*** Opening SOURCE MATERIAL ***
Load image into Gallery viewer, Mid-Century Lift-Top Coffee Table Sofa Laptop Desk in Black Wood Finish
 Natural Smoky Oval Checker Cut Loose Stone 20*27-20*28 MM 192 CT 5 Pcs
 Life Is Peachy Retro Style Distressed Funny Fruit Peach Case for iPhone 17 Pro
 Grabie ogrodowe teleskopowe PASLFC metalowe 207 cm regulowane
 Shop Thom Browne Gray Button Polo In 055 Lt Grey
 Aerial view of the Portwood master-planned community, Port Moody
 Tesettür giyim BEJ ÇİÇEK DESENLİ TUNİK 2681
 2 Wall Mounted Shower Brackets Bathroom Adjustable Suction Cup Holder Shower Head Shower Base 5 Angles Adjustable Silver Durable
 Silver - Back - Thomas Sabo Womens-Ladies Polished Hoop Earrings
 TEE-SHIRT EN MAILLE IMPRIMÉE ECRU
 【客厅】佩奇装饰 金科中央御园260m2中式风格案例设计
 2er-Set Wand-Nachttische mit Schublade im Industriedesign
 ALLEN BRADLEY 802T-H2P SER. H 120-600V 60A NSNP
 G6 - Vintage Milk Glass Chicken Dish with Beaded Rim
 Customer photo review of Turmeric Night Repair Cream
*** Closing SOURCE MATERIAL ***
PROMPT. Set down all the entries again, word for word.

EXERCISE RESPONSE.
Load image into Gallery viewer, Mid-Century Lift-Top Coffee Table Sofa Laptop Desk in Black Wood Finish
 Natural Smoky Oval Checker Cut Loose Stone 20*27-20*28 MM 192 CT 5 Pcs
 Life Is Peachy Retro Style Distressed Funny Fruit Peach Case for iPhone 17 Pro
 Grabie ogrodowe teleskopowe PASLFC metalowe 207 cm regulowane
 Shop Thom Browne Gray Button Polo In 055 Lt Grey
 Aerial view of the Portwood master-planned community, Port Moody
 Tesettür giyim BEJ ÇİÇEK DESENLİ TUNİK 2681
 2 Wall Mounted Shower Brackets Bathroom Adjustable Suction Cup Holder Shower Head Shower Base 5 Angles Adjustable Silver Durable
 Silver - Back - Thomas Sabo Womens-Ladies Polished Hoop Earrings
 TEE-SHIRT EN MAILLE IMPRIMÉE ECRU
 【客厅】佩奇装饰 金科中央御园260m2中式风格案例设计
 2er-Set Wand-Nachttische mit Schublade im Industriedesign
 ALLEN BRADLEY 802T-H2P SER. H 120-600V 60A NSNP
 G6 - Vintage Milk Glass Chicken Dish with Beaded Rim
 Customer photo review of Turmeric Night Repair Cream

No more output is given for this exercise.